La tesi da noi sostenuta potrebbe restringersi in più modesti confini e ridursi alla seguente:

A parte altre modificazioni che proponevamo per il nostro Regolamento di servizio interno, e qualche contraddizione fra i suoi principii e talune disposizioni, sta però il fatto che esso vige e quindi, dato pure che sia permesso discuterlo sulle Riviste o nelle conferenze, gli si deve obbedienza. Le parole negare e concedere sono fuori di posto. Non può essere frutto di una concessione ciò che è un diritto sanzionato dal regolamento. Il negarlo non solo lederebbe le prerogative del grado di capitano, ma danneggerebbe il servizio, perchè nel momento del bisogno gli squadroni dovranno pure essere librati a sè stessi. E allora...?

3. Qui ci è forza dissentire ancor più dall’egregio contraddittore, imperocchè il suo articoletto è troppo improntato a pessimismo; e [p. 421 modifica]questo lo fa prorompere in un giudizio che se sol rasentasse la verità, sarebbe assai sconfortante non solo pei capitani, ma eziandio per quelli che rivestono gradi elevati.

«Ci si potrà opporre — egli scrive — che la eliminazione dell’elemento non atto verrebbe man mano chiaramente suggerita nel seguire il metodo; ma ormai che tutti ci conosciamo sappiamo come non abbisognino prove ulteriori per aver l’equa misura negli apprezzamenti

Ma questo suo giudizio è grave, egregio collega, più grave di quanto a prima vista possa sembrare; poichè questo elemento su cui la porta in modo così assoluto e generale; questo elemento, pur ritenuto in progresso rispetto a quello di tempo fa, comprende non solo gli attuali comandanti di squadrone, ma ancora — in potenza — i futuri comandanti di corpo e di brigata, come quelli di oggi provengono dai capitani d’un giorno. Nè ci si può opporre che la selezione per i gradi superiori cambi di molto la cosa, perchè anche per questi, quando non si abbiano anni o demeriti soverchi, la promozione arriva abbastanza regolarmente.
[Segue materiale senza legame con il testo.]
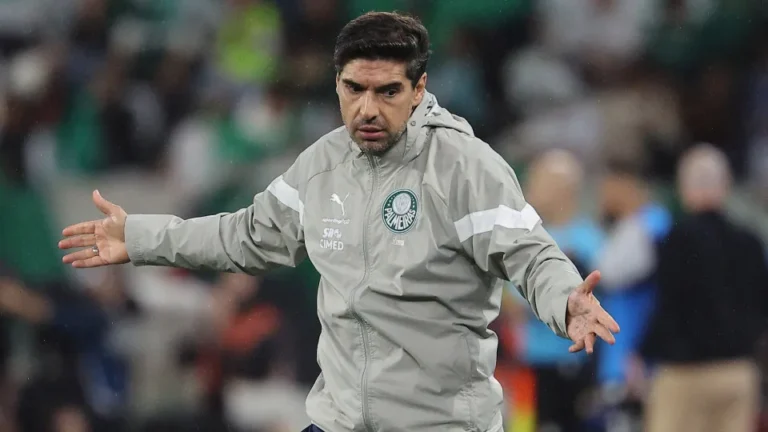 Abel empurrado do Palmeiras para o Sporting: “Pago e levo-o algemado”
Noi siamo dunque ben lontani dal condividere questo giudizio, la cui stessa e patente esagerazione è provvidenziale e gli toglie valore presso i probabili lettori di tutta Europa.

Non vogliamo con ciò contradire l’A. là dove dice che non tutti sono alla desiderata altezza; ma ciò si verifica dovunque ci siano uomini. Anche noi vorremmo che ciascun capitano fosse un vero valore — e così sarebbe assicurata anche la eccellenza nei gradi superiori; crediamo però che nella massima parte dei nostri colleghi vi sia buona stoffa poco utilizzata pei deplorati difetti di metodo e che il lavoro di eliminazione invocato dall’A. e da noi (a suo tempo) non risulterebbe superiore a quello occorrente negli altri gradi. Vorremmo anzi che tal lavoro cominciasse appunto dai gradi superiori, a garanzia che gli ulteriori giudizii siano pronunziati alla stregua delle odierne esigenze.

Perciò pure crediamo esagerato il pericolo dì lasciare l’arma dell’autonomia in mano ai capitani, (se questo era il pensiero dell’A.), tanto più che regnum regnare docet, e tanto più ancora perchè là dove manchi un buon capitano nessuno può portare efficace rimedio.

E con ciò facciamo punto e basta sull’argomento, lasciando libero il campo, perchè altri colleghi ci aiutino a dissipare il dubbio, emesso dall’A., che le nostre aspirazioni siano unanimemente condivise, e che molti fra noi vadano in brodo di giuggiole al tintinnio delle loro catene.

Filippo Abignente.

Note

  1. V. fascicolo III di questa Rivista.